What can I say about this gem by Jillian Moreno? it is a spinning book written, hooray, from a knitter’s perspective. It focuses on spinning ‘a yarn that fulfils a purpose’: one that works its best for whatever knitted project you have in mind.
Once upon a recent time, handspinning was almost an end in itself, and it still can be, of course. Once upon a recent time, it was assumed in books about spinning that the spinners were inevitably dealing exclusively with fleece. Raw fleece. Fleece possibly from their own sheep. And, also of course, some people do work exclusively with fleece (I love it myself, except on days like today when the wind suddenly gets up and blows most of my freshly washed Cheviot x BFL fleece away, possibly taking it as far as England). But many of us are not purists: we buy prepared fibre, maybe hand-dyed, delicious fibre; maybe undyed but fully processed and still delicious fibre. And some people – I know several – actively dislike working with anything else. Very many of us spin fibre in order to knit with it, to produce something unique, something we control from (almost) start to finish. This is our book.
It starts with a basic vision; goes through fibre breeds and the impact choice there can have; explores prep, drafting, plying, working with colour, finishing… and, ta dah, knitting with handspun. It’s beautifully illustrated. And it even has some patterns.

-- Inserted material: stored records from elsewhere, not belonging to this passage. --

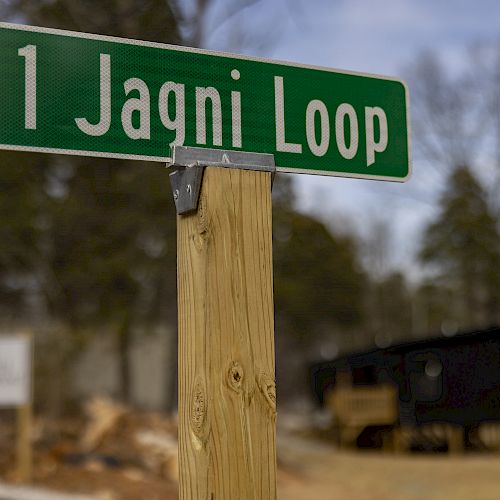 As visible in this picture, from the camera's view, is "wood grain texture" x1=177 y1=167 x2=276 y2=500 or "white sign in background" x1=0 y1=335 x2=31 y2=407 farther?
"white sign in background" x1=0 y1=335 x2=31 y2=407

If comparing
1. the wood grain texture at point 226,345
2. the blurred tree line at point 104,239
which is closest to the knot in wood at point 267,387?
the wood grain texture at point 226,345

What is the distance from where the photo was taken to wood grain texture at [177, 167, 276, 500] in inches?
83.0

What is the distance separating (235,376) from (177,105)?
73 centimetres

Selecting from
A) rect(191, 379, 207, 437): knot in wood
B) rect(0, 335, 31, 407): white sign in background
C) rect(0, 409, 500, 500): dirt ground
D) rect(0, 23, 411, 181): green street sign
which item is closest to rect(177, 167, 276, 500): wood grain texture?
rect(191, 379, 207, 437): knot in wood

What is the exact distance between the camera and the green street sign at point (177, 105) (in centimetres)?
218

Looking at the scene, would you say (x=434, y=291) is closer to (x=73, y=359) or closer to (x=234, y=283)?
(x=73, y=359)

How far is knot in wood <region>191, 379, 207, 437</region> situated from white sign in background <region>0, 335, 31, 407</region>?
334 inches

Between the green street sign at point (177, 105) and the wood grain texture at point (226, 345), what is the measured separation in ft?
0.60

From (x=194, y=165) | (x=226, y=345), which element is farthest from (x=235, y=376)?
(x=194, y=165)

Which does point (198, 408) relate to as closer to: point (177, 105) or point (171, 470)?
A: point (177, 105)

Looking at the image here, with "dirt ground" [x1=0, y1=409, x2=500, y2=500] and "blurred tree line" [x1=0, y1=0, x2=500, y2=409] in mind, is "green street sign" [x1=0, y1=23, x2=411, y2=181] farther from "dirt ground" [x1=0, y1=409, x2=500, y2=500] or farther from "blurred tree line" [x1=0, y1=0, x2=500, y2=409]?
"blurred tree line" [x1=0, y1=0, x2=500, y2=409]

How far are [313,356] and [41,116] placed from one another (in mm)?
28503

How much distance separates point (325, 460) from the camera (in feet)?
56.8

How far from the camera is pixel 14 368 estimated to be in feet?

Ok, let’s have a look inside. Take this page: it illustrates the different effects you can get by blending colours at plying or blending those colours before spinning:
It is often good to do things intentionally, instead of accidentally. Intentional, and you can get the same effect again, should you want to do so. Accidental? You might be lucky…

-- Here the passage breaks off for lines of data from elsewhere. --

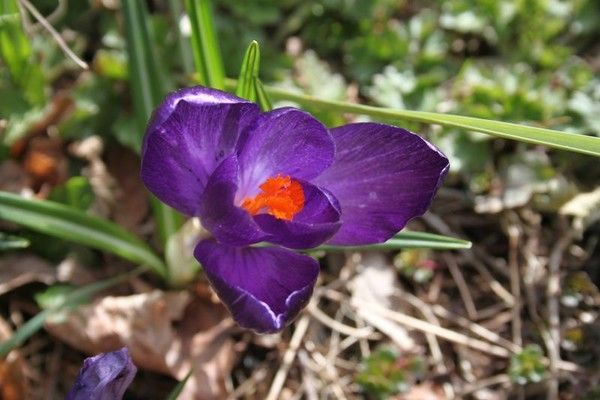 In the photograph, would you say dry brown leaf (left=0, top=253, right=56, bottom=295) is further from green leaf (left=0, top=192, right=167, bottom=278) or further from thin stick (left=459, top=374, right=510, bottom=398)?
thin stick (left=459, top=374, right=510, bottom=398)

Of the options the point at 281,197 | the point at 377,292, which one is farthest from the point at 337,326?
the point at 281,197

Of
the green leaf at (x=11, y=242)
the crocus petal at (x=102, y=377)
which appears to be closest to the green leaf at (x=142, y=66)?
the green leaf at (x=11, y=242)

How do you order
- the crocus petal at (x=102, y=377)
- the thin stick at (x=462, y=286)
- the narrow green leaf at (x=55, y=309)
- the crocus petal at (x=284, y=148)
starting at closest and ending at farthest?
the crocus petal at (x=102, y=377)
the crocus petal at (x=284, y=148)
the narrow green leaf at (x=55, y=309)
the thin stick at (x=462, y=286)

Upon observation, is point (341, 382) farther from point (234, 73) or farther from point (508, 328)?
point (234, 73)

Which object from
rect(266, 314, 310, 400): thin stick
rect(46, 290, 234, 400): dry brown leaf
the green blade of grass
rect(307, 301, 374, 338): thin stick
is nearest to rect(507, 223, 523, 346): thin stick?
rect(307, 301, 374, 338): thin stick

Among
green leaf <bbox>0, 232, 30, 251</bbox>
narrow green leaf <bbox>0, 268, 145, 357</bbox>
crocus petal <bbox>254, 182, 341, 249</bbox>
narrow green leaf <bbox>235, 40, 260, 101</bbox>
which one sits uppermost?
narrow green leaf <bbox>235, 40, 260, 101</bbox>

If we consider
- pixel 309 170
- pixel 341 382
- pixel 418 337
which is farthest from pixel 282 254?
pixel 418 337

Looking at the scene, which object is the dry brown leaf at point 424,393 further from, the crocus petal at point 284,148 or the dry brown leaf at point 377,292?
the crocus petal at point 284,148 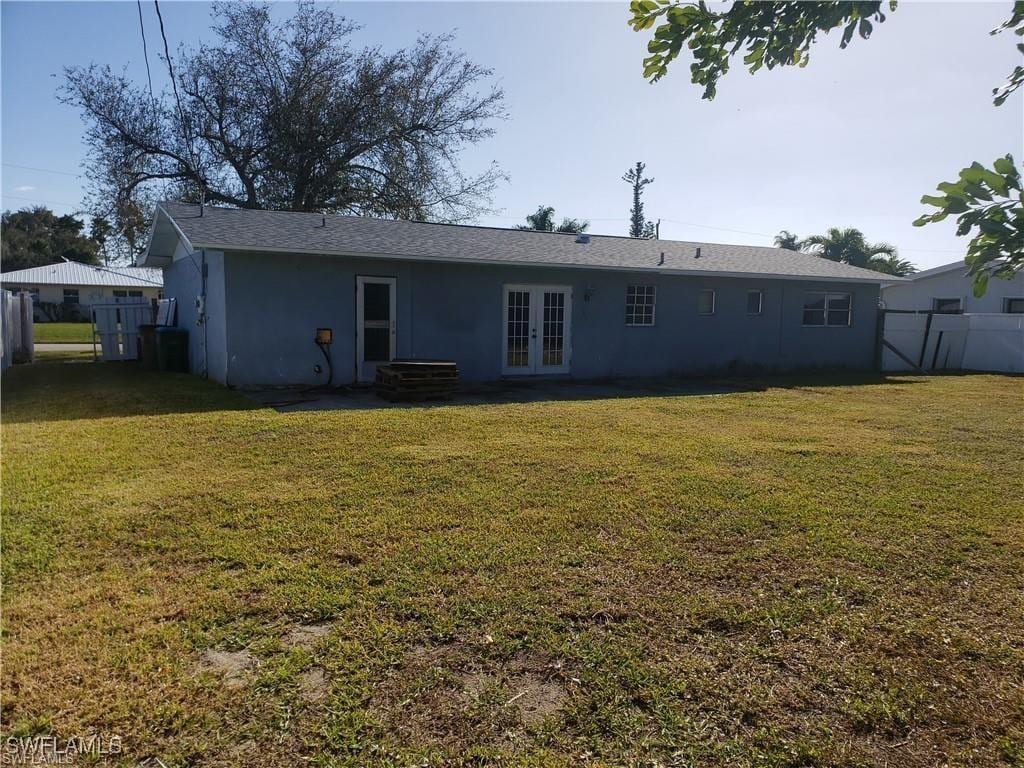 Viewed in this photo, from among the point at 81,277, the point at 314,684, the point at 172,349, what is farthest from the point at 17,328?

Or take finishing a spun yarn. I almost always whack my finished yarn to set the twist (I find it helpful; I can imagine I am whacking the person at the Fibre Fair who said ‘I could do that, but I wouldn’t want to, it’s so boring’). But what about the alternatives? There’s snapping, swirling it around like a cowboy with a lasso, even fulling it. What difference would a different process make, and what impact would it have on a particular yarn?
Here four different yarns are compared – merino, corriedale, BFL and silk – after having undergone eight different approaches (menaced, incidentally, doesn’t mean you sitting in front of the yarn like Michael Corleone confronting the men who tried to kill his father; it means felting it deliberately).
And how about ply affecting what you want to knit?
That’s covered at length; above focuses on singles, but there are equally detailed examinations of two- and three-ply yarns. It’s excellent, and the ‘knitting with your handspun’ section is invaluable, covering things like ensuring you will have enough yarn (been there), and simply planning a project from a pattern which specifies a commercial yarn.
Finally, there are twelve patterns. There are two cardigans, a moebius cowl / shawl, four more varied but normally constructed shawls (of which this, by Romi, is one),
socks, two sweaters, a necklace and a pair of mitts.
I have been waiting for a book like this – thank you, Jill Moreno!